I’ve been here for almost three weeks now, having returned home when Nancy became very ill and subsequently died. For the next week, I was involved in organising a funeral/wake and in organising some of her “affairs”.
But since then, I’ve been working from either the front bedroom or the kitchen of Pat and Jack’s place.
And when it became obvious Sydney was going into “lockdown”, I saw reason to return to there, and so I’m continuing to stay here in Lismore.
It’s a much different routine here. For a start, I’m going to bed fairly early most nights, though not always sleeping. Pat and Jack are both in their 70s/80s now, and so they go to bed early, after watching Neighbours, Home & Away, and NCIS.

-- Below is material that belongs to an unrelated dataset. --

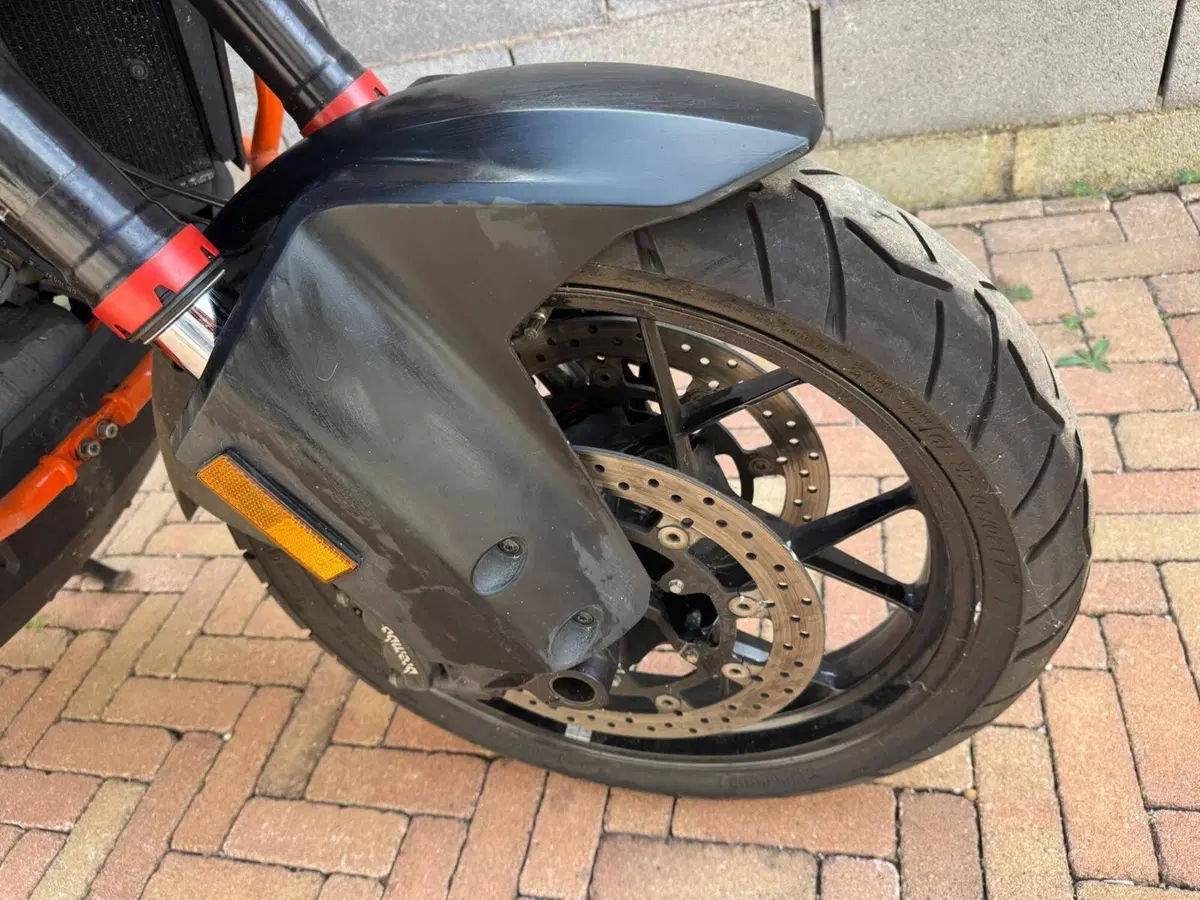 KTM 1290 Super Adventure S (2017 - 20) (7)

They also have a nap most afternoons, which is providing me with an awful temptation. As I continue to work from the kitchen table, the phrase “we’re just going to have a little nap for a while” makes me jealous that I can’t do the same.
I’ve also started to develop a daily routine of going to a nearby coffee shop.
“How long have you been here?”, I asked the woman behind the counter. “About two and a half years”, she told me. I mentioned that I remembered when the building behind their coffee shop as Lismore’s Baby Health Centre.
As I go about my daily routine, Pat and Jack get on with theirs. As Jack no longer drives, he and Pat go for a daily trip to the shops, visiting both Aldi and Woolworths. They also do a variety of odd jobs, and right jow Jack (in his 80s) is helping a similarly aged friend to contstruct some scaffolding.
While I was working at the kitchen table yesterday, Jack was going through a box of old papers and found this.
“What was the Gould League?”, a couple of younger colleagues asked me over a video conference. Though I understand the Gould League is still around to a degree, it doesn’t appear to have the same notoriety as it did back in the 1970s.
I told them it was an environmental organisation focussed on school kids back in the 1970s. Vincent Serventy was the face of the organisation. “I hope you stuck to your commitments”, Jack said with a smile. “Yes, I hope I have, too”, I told him.